§ **Problem**:
Give the lines of the material verbatim, from the first line to the line with "NEWS - London: Tumultartige", including both.

§ **Data listing**:
───
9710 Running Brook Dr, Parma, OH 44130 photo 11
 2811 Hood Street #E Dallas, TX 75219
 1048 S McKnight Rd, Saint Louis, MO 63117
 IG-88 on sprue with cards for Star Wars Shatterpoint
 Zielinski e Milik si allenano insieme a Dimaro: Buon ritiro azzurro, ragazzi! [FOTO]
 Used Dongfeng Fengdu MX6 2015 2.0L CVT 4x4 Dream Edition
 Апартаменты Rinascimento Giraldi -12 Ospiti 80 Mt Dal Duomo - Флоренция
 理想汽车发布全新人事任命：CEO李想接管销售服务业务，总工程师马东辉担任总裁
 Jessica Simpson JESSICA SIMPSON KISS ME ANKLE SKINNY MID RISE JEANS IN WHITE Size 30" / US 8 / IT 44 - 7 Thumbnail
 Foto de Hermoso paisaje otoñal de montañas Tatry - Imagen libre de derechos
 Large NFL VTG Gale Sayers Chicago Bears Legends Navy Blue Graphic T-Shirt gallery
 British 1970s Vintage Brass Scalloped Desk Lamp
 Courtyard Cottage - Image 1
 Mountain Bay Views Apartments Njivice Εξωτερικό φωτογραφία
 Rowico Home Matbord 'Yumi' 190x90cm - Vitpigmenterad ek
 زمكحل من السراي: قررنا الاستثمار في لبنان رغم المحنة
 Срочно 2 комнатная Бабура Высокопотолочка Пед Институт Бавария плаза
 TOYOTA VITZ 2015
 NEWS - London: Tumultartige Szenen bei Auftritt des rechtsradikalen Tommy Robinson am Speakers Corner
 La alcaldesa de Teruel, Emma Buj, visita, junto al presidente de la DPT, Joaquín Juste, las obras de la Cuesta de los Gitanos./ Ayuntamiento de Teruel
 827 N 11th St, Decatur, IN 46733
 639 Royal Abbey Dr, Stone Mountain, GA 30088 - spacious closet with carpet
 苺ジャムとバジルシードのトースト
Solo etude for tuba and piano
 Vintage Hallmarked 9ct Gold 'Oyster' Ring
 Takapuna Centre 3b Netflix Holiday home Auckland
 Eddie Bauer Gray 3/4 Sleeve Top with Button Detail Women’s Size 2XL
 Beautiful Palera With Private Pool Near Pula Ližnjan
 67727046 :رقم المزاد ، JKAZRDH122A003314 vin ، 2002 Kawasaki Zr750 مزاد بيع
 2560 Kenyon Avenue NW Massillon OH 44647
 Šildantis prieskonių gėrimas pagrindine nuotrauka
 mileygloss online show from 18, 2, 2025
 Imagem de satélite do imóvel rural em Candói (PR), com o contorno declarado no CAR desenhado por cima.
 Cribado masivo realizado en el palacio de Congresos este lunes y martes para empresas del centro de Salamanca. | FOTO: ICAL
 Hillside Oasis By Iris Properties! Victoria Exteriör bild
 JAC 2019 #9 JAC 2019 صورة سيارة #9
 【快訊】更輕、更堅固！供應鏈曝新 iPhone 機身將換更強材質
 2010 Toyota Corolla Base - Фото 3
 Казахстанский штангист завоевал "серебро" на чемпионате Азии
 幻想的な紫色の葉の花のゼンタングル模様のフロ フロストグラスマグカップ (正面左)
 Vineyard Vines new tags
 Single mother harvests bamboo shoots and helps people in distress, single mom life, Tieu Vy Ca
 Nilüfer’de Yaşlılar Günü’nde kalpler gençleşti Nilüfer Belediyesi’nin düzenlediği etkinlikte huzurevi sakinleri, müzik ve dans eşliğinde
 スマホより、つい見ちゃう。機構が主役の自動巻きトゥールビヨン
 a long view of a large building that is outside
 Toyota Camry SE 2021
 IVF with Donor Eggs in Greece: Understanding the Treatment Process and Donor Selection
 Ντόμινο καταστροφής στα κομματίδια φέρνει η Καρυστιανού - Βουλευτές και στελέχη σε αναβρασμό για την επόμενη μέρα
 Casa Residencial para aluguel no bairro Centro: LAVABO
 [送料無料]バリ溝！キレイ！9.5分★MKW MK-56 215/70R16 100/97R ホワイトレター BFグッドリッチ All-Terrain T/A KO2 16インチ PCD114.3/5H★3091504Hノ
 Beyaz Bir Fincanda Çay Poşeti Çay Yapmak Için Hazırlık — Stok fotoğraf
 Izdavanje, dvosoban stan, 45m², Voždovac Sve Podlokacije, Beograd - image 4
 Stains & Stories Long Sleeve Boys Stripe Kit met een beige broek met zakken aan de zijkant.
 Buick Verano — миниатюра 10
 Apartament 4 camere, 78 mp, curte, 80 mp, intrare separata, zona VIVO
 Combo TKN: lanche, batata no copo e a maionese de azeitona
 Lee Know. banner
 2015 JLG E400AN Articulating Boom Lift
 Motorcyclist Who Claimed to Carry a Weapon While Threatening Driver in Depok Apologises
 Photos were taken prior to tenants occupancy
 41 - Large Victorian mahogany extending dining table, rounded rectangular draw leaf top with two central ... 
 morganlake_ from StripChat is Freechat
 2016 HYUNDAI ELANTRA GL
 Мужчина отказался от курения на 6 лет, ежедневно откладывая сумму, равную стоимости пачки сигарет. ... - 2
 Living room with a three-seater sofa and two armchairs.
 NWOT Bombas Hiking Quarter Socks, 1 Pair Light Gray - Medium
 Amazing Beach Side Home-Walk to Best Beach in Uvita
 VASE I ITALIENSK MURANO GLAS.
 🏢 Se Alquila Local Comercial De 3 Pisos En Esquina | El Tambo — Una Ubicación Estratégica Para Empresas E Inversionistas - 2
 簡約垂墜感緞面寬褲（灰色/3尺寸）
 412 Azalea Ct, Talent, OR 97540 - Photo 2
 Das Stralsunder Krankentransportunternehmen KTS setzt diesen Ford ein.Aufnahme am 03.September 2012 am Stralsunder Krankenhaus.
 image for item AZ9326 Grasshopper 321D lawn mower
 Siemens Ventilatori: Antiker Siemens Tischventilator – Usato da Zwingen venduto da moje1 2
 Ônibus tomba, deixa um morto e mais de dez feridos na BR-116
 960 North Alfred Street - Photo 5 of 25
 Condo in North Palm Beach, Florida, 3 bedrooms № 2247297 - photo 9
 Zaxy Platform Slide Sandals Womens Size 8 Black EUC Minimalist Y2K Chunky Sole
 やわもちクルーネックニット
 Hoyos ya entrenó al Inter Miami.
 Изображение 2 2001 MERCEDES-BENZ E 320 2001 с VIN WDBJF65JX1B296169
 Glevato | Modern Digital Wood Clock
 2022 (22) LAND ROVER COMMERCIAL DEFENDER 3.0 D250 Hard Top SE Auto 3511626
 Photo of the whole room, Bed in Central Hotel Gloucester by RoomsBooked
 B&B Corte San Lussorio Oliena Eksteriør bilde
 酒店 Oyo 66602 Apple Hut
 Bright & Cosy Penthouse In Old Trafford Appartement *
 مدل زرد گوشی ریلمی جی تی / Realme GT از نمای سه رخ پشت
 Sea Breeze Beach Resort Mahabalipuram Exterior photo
───
§ **Solved problem**:
9710 Running Brook Dr, Parma, OH 44130 photo 11
 2811 Hood Street #E Dallas, TX 75219
 1048 S McKnight Rd, Saint Louis, MO 63117
 IG-88 on sprue with cards for Star Wars Shatterpoint
 Zielinski e Milik si allenano insieme a Dimaro: Buon ritiro azzurro, ragazzi! [FOTO]
 Used Dongfeng Fengdu MX6 2015 2.0L CVT 4x4 Dream Edition
 Апартаменты Rinascimento Giraldi -12 Ospiti 80 Mt Dal Duomo - Флоренция
 理想汽车发布全新人事任命：CEO李想接管销售服务业务，总工程师马东辉担任总裁
 Jessica Simpson JESSICA SIMPSON KISS ME ANKLE SKINNY MID RISE JEANS IN WHITE Size 30" / US 8 / IT 44 - 7 Thumbnail
 Foto de Hermoso paisaje otoñal de montañas Tatry - Imagen libre de derechos
 Large NFL VTG Gale Sayers Chicago Bears Legends Navy Blue Graphic T-Shirt gallery
 British 1970s Vintage Brass Scalloped Desk Lamp
 Courtyard Cottage - Image 1
 Mountain Bay Views Apartments Njivice Εξωτερικό φωτογραφία
 Rowico Home Matbord 'Yumi' 190x90cm - Vitpigmenterad ek
 زمكحل من السراي: قررنا الاستثمار في لبنان رغم المحنة
 Срочно 2 комнатная Бабура Высокопотолочка Пед Институт Бавария плаза
 TOYOTA VITZ 2015
 NEWS - London: Tumultartige Szenen bei Auftritt des rechtsradikalen Tommy Robinson am Speakers Corner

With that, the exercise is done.